Output: example/output/plot/manhattan_g_Bifidobacterium.png and the auxiliary QQ plot example/output/plot/qq_g_Bifidobacterium.png.

Step4 case 3: --snp only

pixi run --manifest-path=pixi.toml Rscript extdata/step4_reporting.R \
    --metaDir=example/output/meta \
    --plotPrefix=example/output/plot/ \
    --snp=chr1:14678191:A:C \
    --pCut=5e-8
docker run --rm --platform=linux/amd64 \
  -v "$PWD":/work -w /work \
  cheeselee/palm-mgwas:latest \
  step4_reporting.R \
    --metaDir=/work/example/output/meta \
    --plotPrefix=/work/example/output/plot/ \
    --snp=chr1:14678191:A:C \
    --pCut=5e-8

Output: this mode writes one file per retained feature. In the current example output, files include example/output/plot/forest_chr1_14678191_A_C_g_Bifidobacterium.png and example/output/plot/forest_chr1_14678191_A_C_g_Fusobacterium.png, both shown below.
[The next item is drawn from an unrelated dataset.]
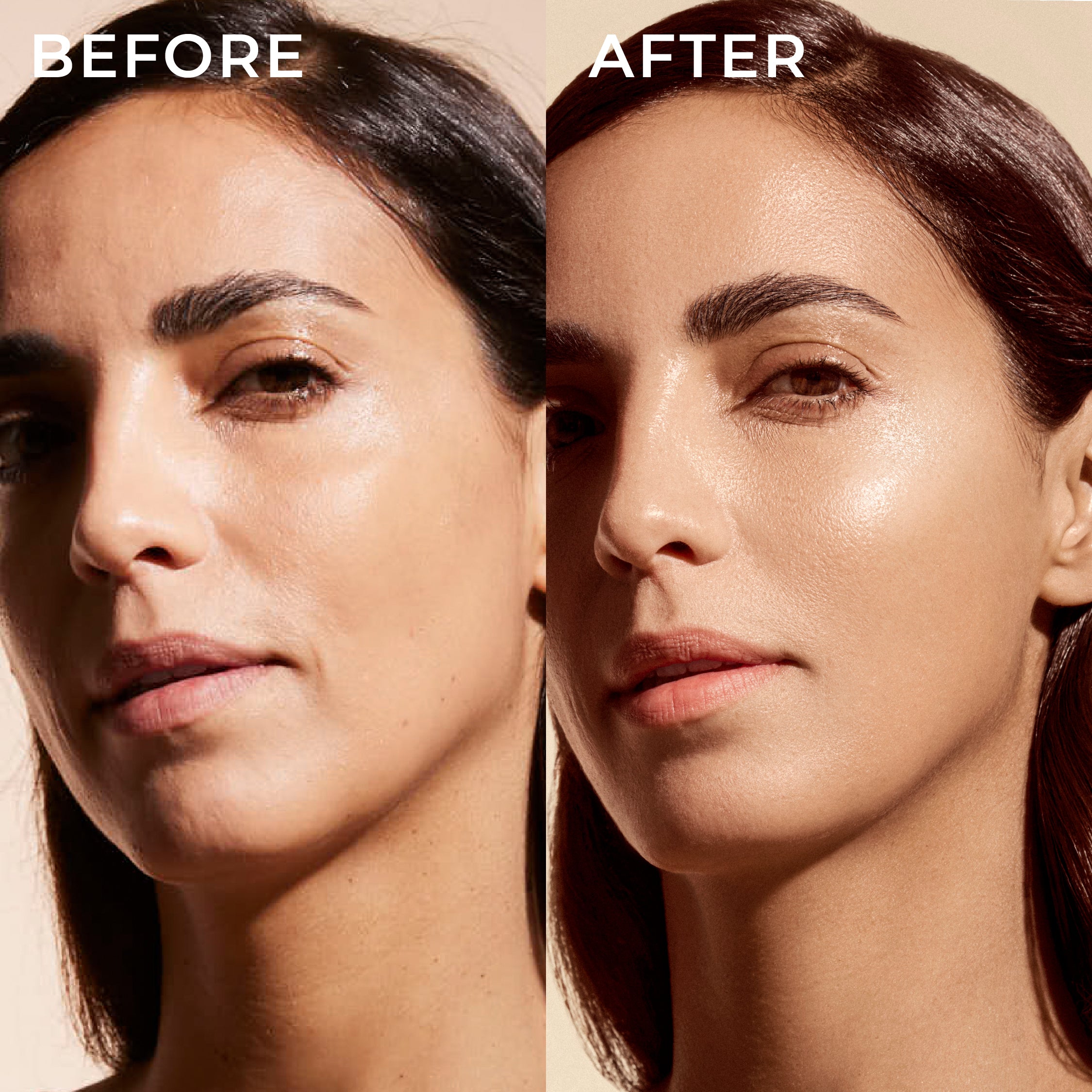 Before after applicazione Glow Cream crema illuminante con Miche - Luce Beauty By Alessia Marcuzzi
Step4 case 4: both --feature and --snp

pixi run --manifest-path=pixi.toml Rscript extdata/step4_reporting.R \
    --metaDir=example/output/meta \
    --plotPrefix=example/output/plot/ \
    --feature=g_Bifidobacterium \
    --snp=chr1:14678191:A:C
docker run --rm --platform=linux/amd64 \
  -v "$PWD":/work -w /work \
  cheeselee/palm-mgwas:latest \
  step4_reporting.R \
    --metaDir=/work/example/output/meta \
    --plotPrefix=/work/example/output/plot/ \
    --feature=g_Bifidobacterium \
    --snp=chr1:14678191:A:C

Output: example/output/plot/forest_g_Bifidobacterium_chr1_14678191_A_C.png.

See workflow/ and example/ for batch scripts or sample data to pair with this guide.